[ABOUT THIS TASK] Drop the pictures and restate the rest of the listing word for word.

[SOURCE DATA]
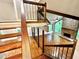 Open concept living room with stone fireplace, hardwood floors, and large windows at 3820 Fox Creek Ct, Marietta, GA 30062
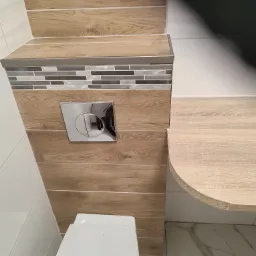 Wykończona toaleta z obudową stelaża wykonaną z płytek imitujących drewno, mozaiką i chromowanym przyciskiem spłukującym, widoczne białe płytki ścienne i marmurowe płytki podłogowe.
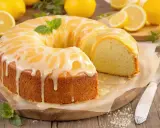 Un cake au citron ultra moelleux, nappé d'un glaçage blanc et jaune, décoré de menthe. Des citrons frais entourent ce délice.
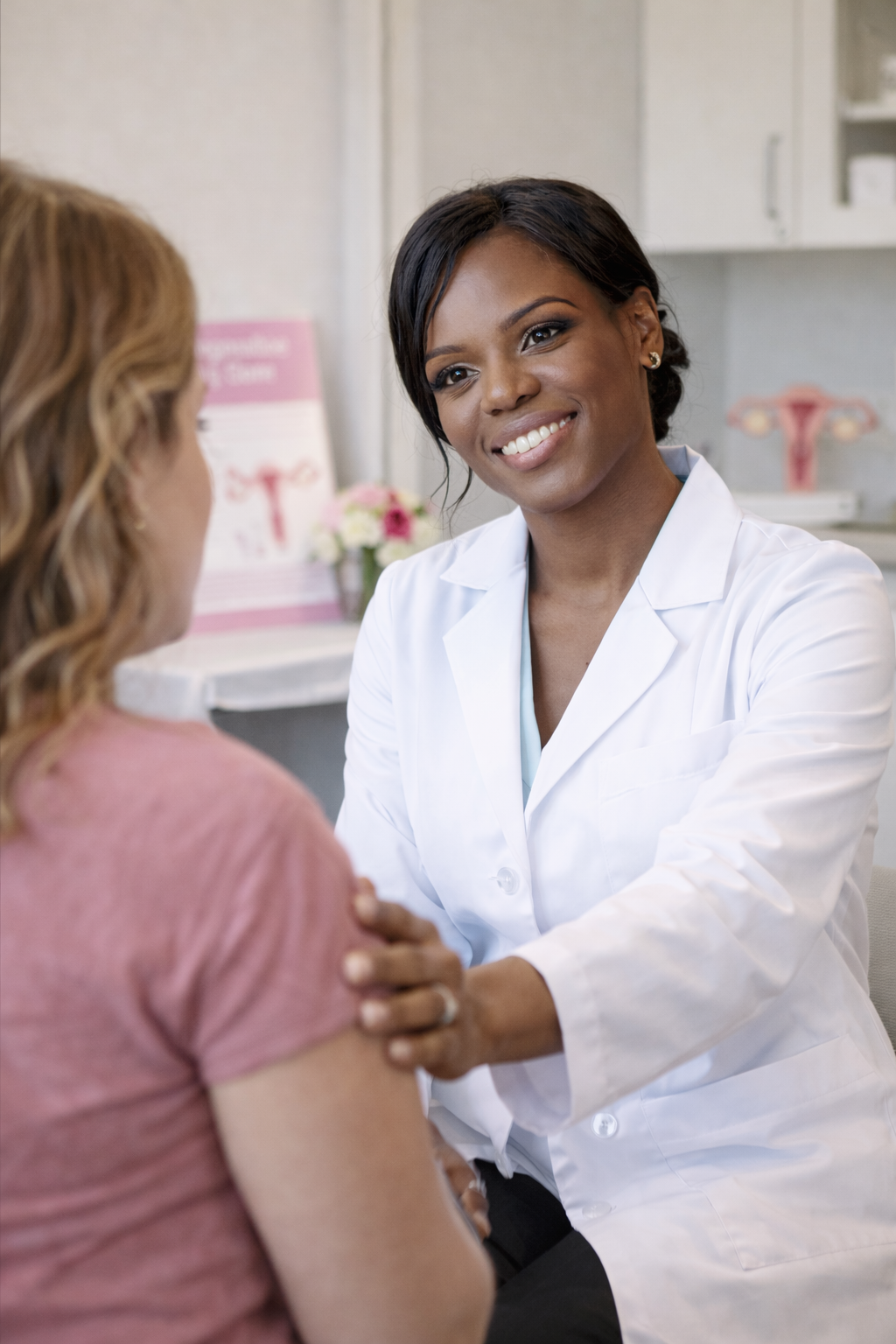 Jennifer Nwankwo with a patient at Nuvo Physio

[RESPONSE TO THE EXERCISE]
 Open concept living room with stone fireplace, hardwood floors, and large windows at 3820 Fox Creek Ct, Marietta, GA 30062
 Wykończona toaleta z obudową stelaża wykonaną z płytek imitujących drewno, mozaiką i chromowanym przyciskiem spłukującym, widoczne białe płytki ścienne i marmurowe płytki podłogowe.
 Un cake au citron ultra moelleux, nappé d'un glaçage blanc et jaune, décoré de menthe. Des citrons frais entourent ce délice.
 Jennifer Nwankwo with a patient at Nuvo Physio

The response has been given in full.